It's great to have The Humanist back!  My many thanks to all
those many who brought about this resurrection.

What follows may suffer from too much lockdown and covid
restricted living, on top of missing The Humanist.

Is Kuhn's book great?

My suspicion is that it has curtailed and distorted further
work on the nature and workings of the (so called) Natural
Sciences.

Kuhn, like others, adopted the classical stance: Natural
Scientists look upon their subject of interest from the
outside, thus disinterestedly and objectively, they say.  The
Natural Scientist does not think they are a part of their
subject of interest and investigations.  In the case of Kuhn's
"great" book, we have paradigms with no humans insight, yet
you can't have a [Kuhnian] paradigm without people.  (Doesn't
that seem odd to you?)

What we get from this, I would say, is a de-humanised kind of
knowledge and understanding of the Natural World, and, from
Kuhn's work, and others, the idea that there are no real
people in the doing of the Natural Sciences and Engineerings.
This leaves the Sciences looking and feeling foreign and
unfamiliar to most people, and our understanding of them
distorted in a way most Natural Scientists, and Engineers,
seldom appreciate or acknowledge, in my experience.

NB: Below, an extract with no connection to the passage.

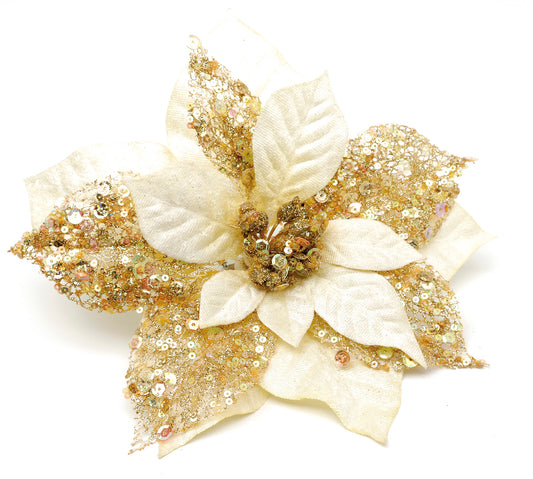 large clip on poinsettia in classic gold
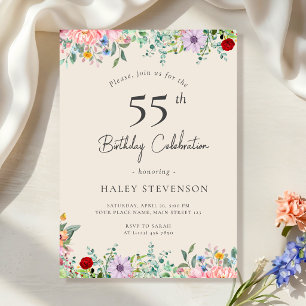 Wildflower Rustic Boho 55th Birthday Simple Beige Invitation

Fear is something people feel.  Being afraid of Science
happens, I suspect, because we don't see ourselves in the
science being done, yet it seems to have a life of it's own.
It's often presented as if it has a life of it's own, because
our classical ways of understanding Science leaves the people
who actually do it out of our understanding.  It thus becomes,
to some, a dangerous beast.  People don't seem to be so easily
afraid of big globally operating (digital world) companies,
for example, because, I submit, we know these companies in
terms of the people who run them.  Ironically, we perhaps
should be more afraid of these companies that operate beyond
the reach of our Governments.

If you want

   "...  to broaden our and future generations' understanding
    of the digital machine, in turn better to understand how
    it affects and is affected by the humanities,"

I would suggest you don't follow a Kuhnian approach.  Rather,
I would humbly propose, you would do better trying to
understand digital machines in terms of the many people
involved in the making and using of them, and the human
conditions in this this using has and is occuring.  Digital
machines are tools, intended to support human purposes, many
different purposes, and should be understood as such, I think.
The digital machine is not a humans-free subject matter.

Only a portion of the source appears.